This freedom to obtain equipment and facilities without transparency
means that the system relies only on the discretion of the supplier.
A number of countries have been somewhat reluctant to sell to rogue
countries any equipment that could be used to develop a nuclear
capability. But Iran, Libya and North Korea were able to import
all manner of sophisticated equipment from new, essentially private
suppliers.
The United States, with outside assistance, is now attempting
to shut down this supplier network, but new suppliers may come
along if the international community does not act immediately.

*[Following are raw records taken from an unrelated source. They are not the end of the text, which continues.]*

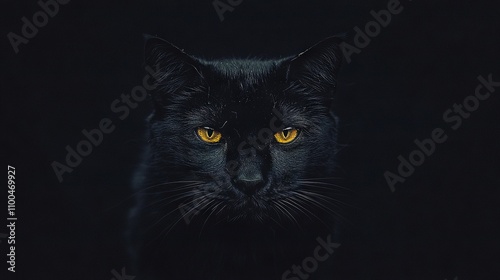   Black cat face close-up with yellow background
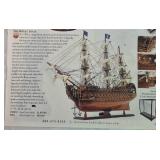 Royal Louis 1779 French Navy Wooden Model Tall Ship 37" L x 33"H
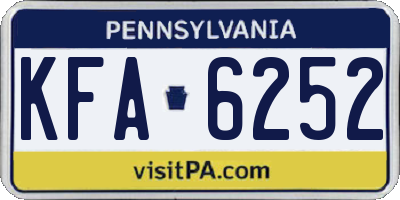 PA license plate KFA6252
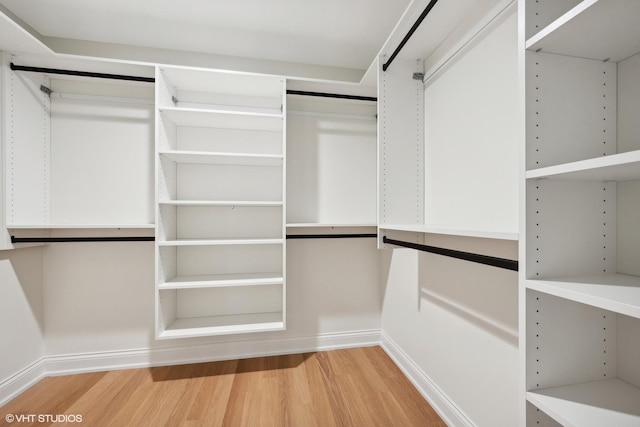 walk in closet with hardwood / wood-style flooring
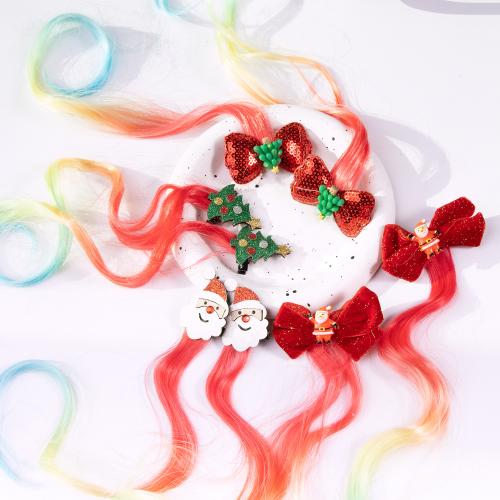 Cloth Ponytail Extension handmade Christmas Design & for woman red Sold By PC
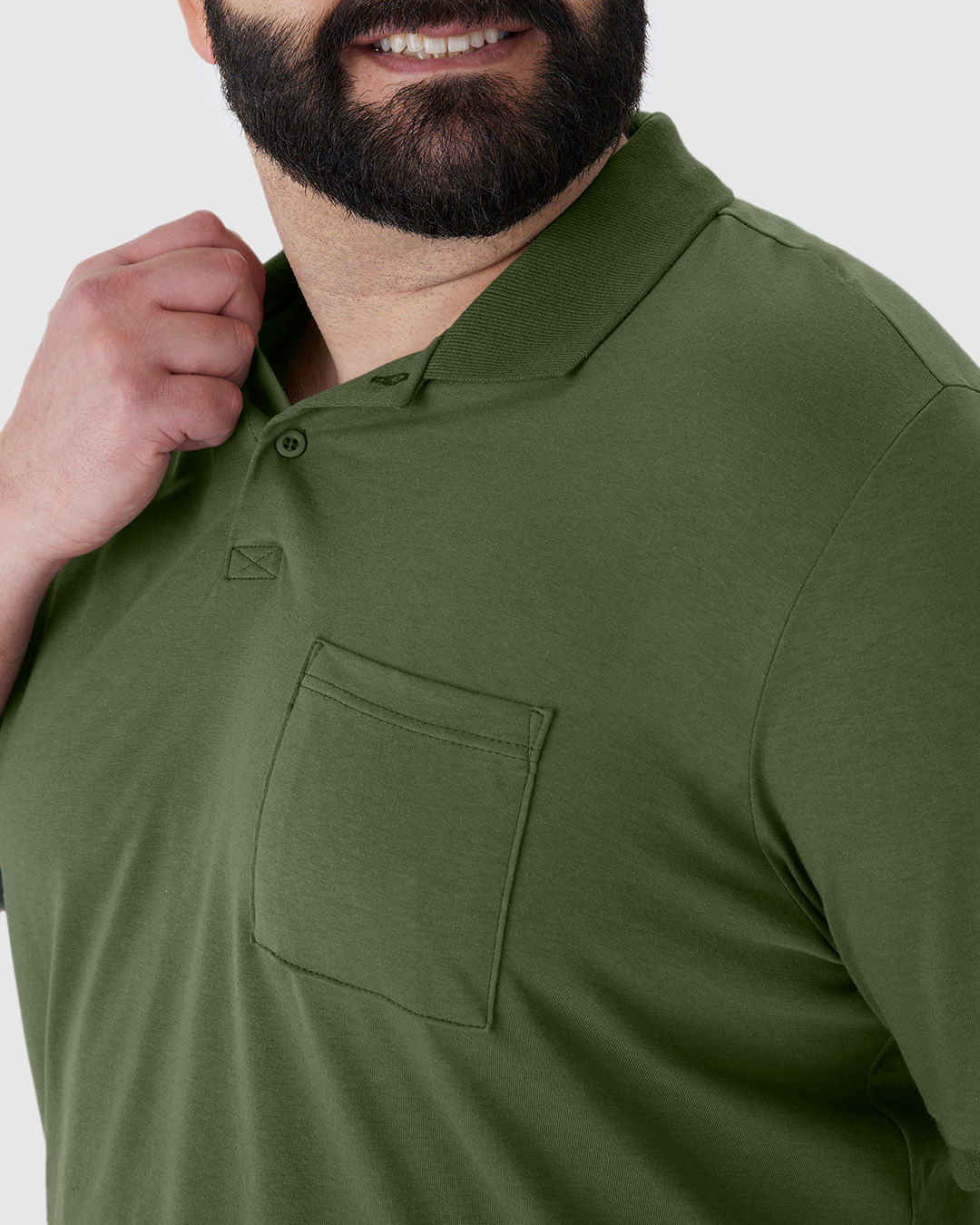 Camisa Polo Masculina Plus Size Com Bolso Funcional Em Algodão - Imagem 23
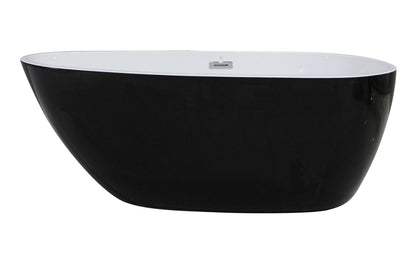 ALFI brand  AB8862 59 inch Black & White Oval Acrylic Free Standing Soaking Bathtub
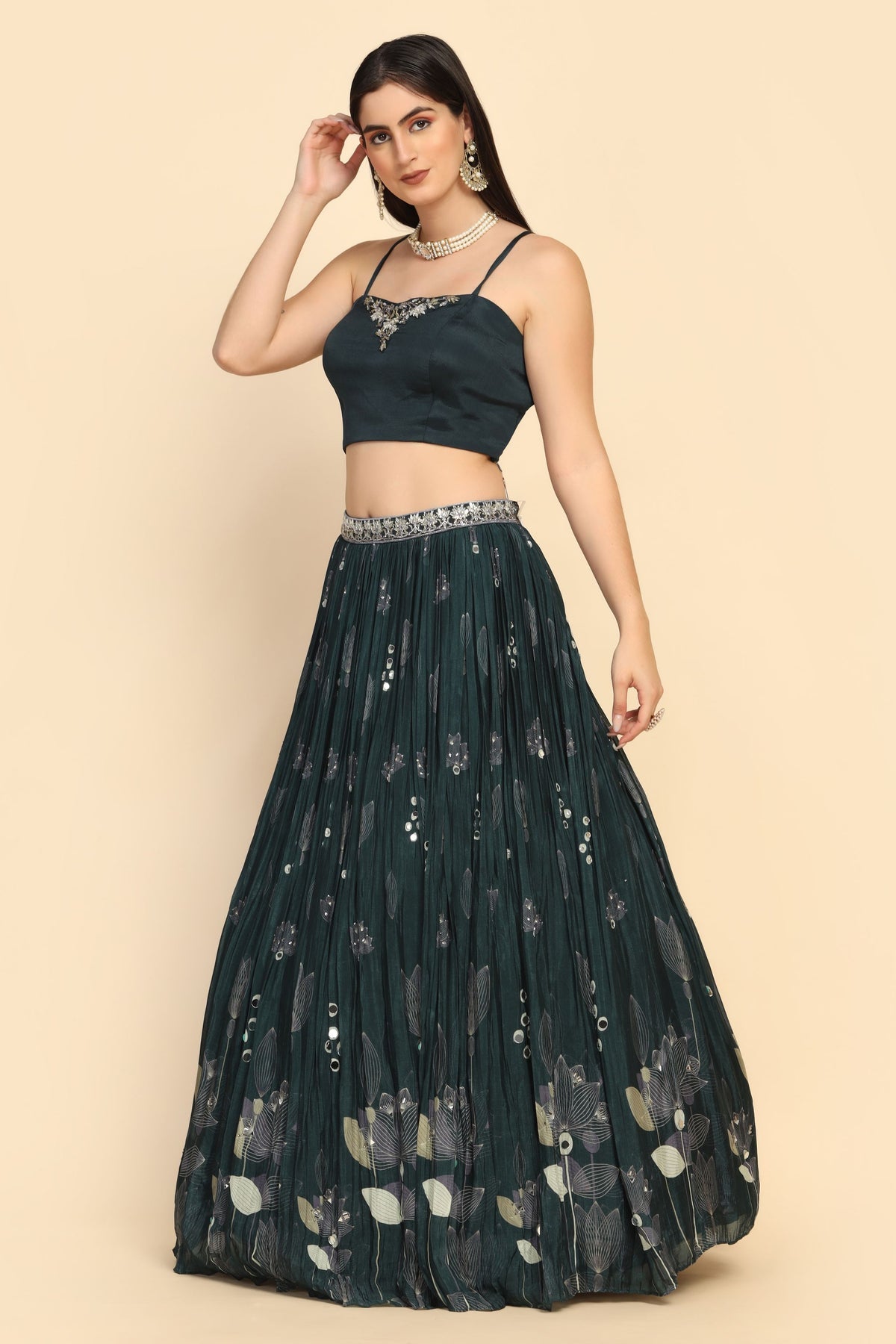 trending bottle green embroidered lehenga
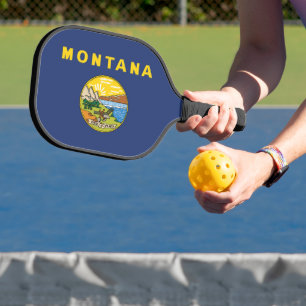 State Flag of Montana, USA Pickleball Paddle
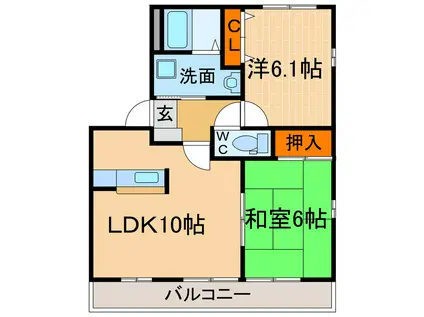 フォブールタウン須崎(2LDK/1階)の間取り写真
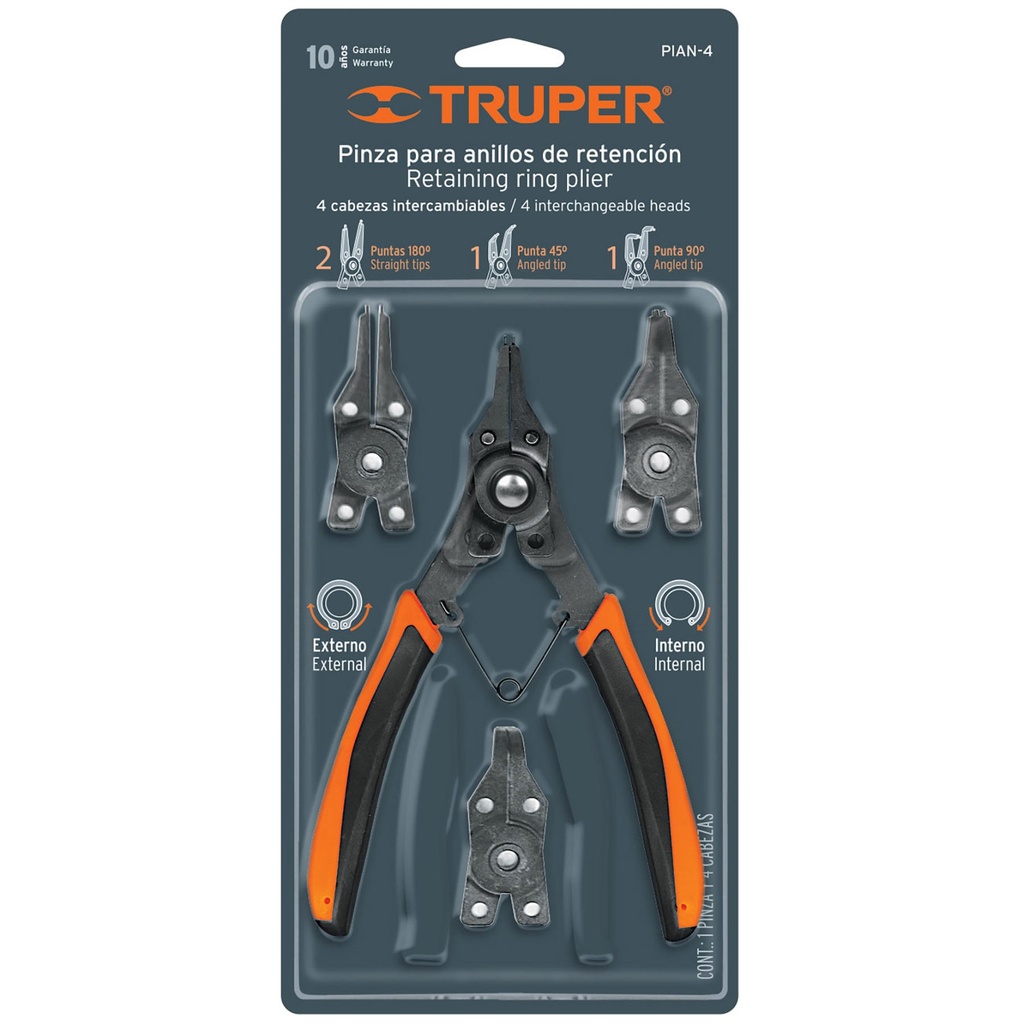 JUEGO DE PINZA PARA ANILLOS CABEZA INTERCAMBIABLE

Strong economic and diplomatic action must be taken against countries
such as Iran, even if it means additional costs and lost investment
opportunities. Such actions have been proven effective: After years
of sanctions and U.S. leadership, Libya has given up its weapons
of mass destruction, including a significant nuclear program.
Until recently, I was one of the leading proponents of sanctions
against Libya; earlier this year, I learned firsthand what a key
role international pressure played in the sea change Libyan leader
Moammar Khadafy made. In meetings with him and members of his government
earlier this year, it became clear that Khadafy decided Libya could
better assure its security through a positive relationship with
the United States and the West than with a risky and costly policy
of developing weapons of mass destruction. Libya's leaders also
told me that their nation faces growing economic difficulties that
can be resolved only by redirecting resources into development,
integrating closely into the world economy and seeing sanctions
ended. If the leadership of other countries, such as Iran, reaches
the same conclusion, it will be a great boon to the cause of nonproliferation.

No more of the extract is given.